Techniques on importing vertical column data into singular record sets.

Sample of original Data:

Number Kid's name foster parent bio parents (1-2)
1 Schmo, Joe Kid John Smith Eleanor Schmo
dob: 9/22/90 43 Oleander Blvd 99 Broadway
EntranceDate: 4/30/06 Brooklyn, NY 11389 NY, NY
AnotherDate: 7/7/05
Bill Schmo
49 Elm St
Grenwich, CT 89898

To distinguishing between foster and bio parent address fields,
I used Excel's autofil feature to quickly create delimiter columns:

Number Kid's name foster parent bio parents (1-2)
1 Schmo, Joe Kid FOSTER John Smith BIO Eleanor Schmo
dob: 9/22/90 FOSTER 43 Oleander Blvd BIO 99 Broadway
EntranceDate: 4/30/06 FOSTER Brooklyn, NY 11389 BIO NY, NY
AnotherDate: 7/7/05 FOSTER BIO
FOSTER BIO Bill Schmo
FOSTER BIO 49 Elm St
FOSTER BIO Grenwich, CT 89898
FOSTER BIO

Export to tab delimited:

1 TAB "Schmo, Joe Kid" TAB FOSTER TAB "John Smith" TAB BIO TAB "Eleanor Schmo"
TAB "dob: 9/22/90" TAB FOSTER TAB "43 Oleander Blvd" TAB BIO TAB "99 Broadway"
TAB "EntranceDate: 4/30/06" TAB FOSTER TAB "Brooklyn, NY 11389" TAB BIOTAB "NY, NY"
TAB "AnotherDate: 7/7/05" TAB FOSTER TAB TAB BIO TAB
TAB TAB FOSTER TAB TAB BIO TAB "Bill Schmo"
TAB TAB FOSTER TAB TAB BIO TAB "49 Elm St"
TAB TAB FOSTER TAB TAB BIO TAB "Grenwich, CT 89898"
TAB TAB FOSTER TAB TAB BIO TAB

Edit with Vim to remove superfluous end-of-line characters and predictably distinguish records from each other:

    1) Replace the last line of each set of data with an end-of-record cue.

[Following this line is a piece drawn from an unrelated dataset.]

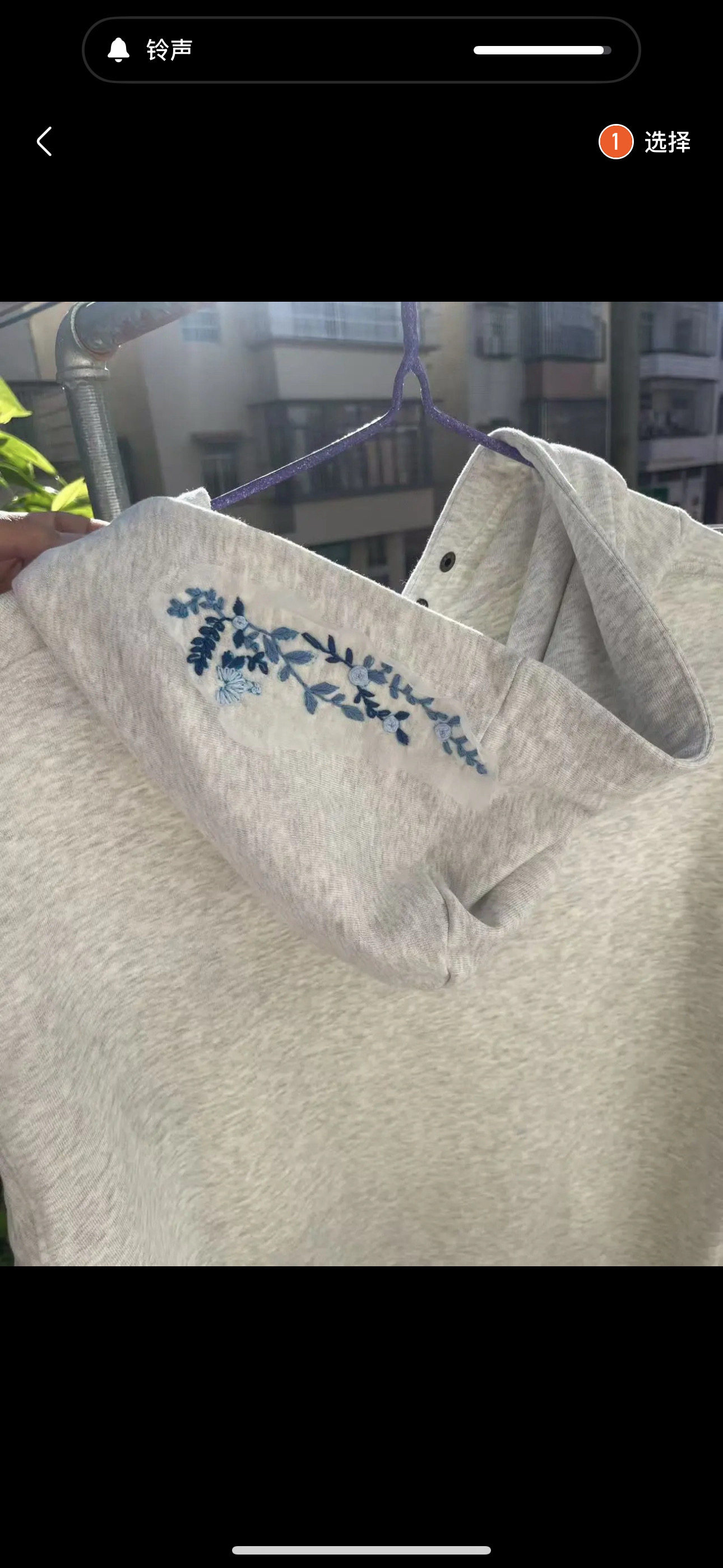 中式领花卫衣刺绣衣服花样纸贴手工diy带图水溶布补洞立体绣花图,居家布艺,缝纫DIY材料套装,淘宝优惠券,粉丝福利购,淘宝优惠卷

I chose "NEWRECORD" .
        :%s/^IFOSTER^I^IBIO^I$/NEWRECORD/c

    2) Remove all end-of-line characters:
        :%s/\n//c

    3) Restore end-of-line characters where records end:
        :%s/NEWRECORD/^M/gc

        (Although in mixed windows and linux environments end-of-line characters are tricky. I think that to create end-of-line characters to read on a windows system you want to use ^M. I think it's something else in unix. But I can't seem to recall exactly at the moment. Remember that to identify tab or enter characters in vim, you must hit CTRL-V and then either the tab or enter buttons. The text turns blue then.)



This is the end of what I know I can safely manipulate with vim. I *had* been working with re-importing the file into excel so I could easily drag fields into alignment under the appropriate column headers (foster Address1, bio Address2, etc). This part's a pain in the neck. I just can't safely predict how many fields are used and the alignment is terrible. There are all these extraneous notes everywhere. But once I have column headers established, it's simple to import into MS access or save as tab-delimited and insert with sql.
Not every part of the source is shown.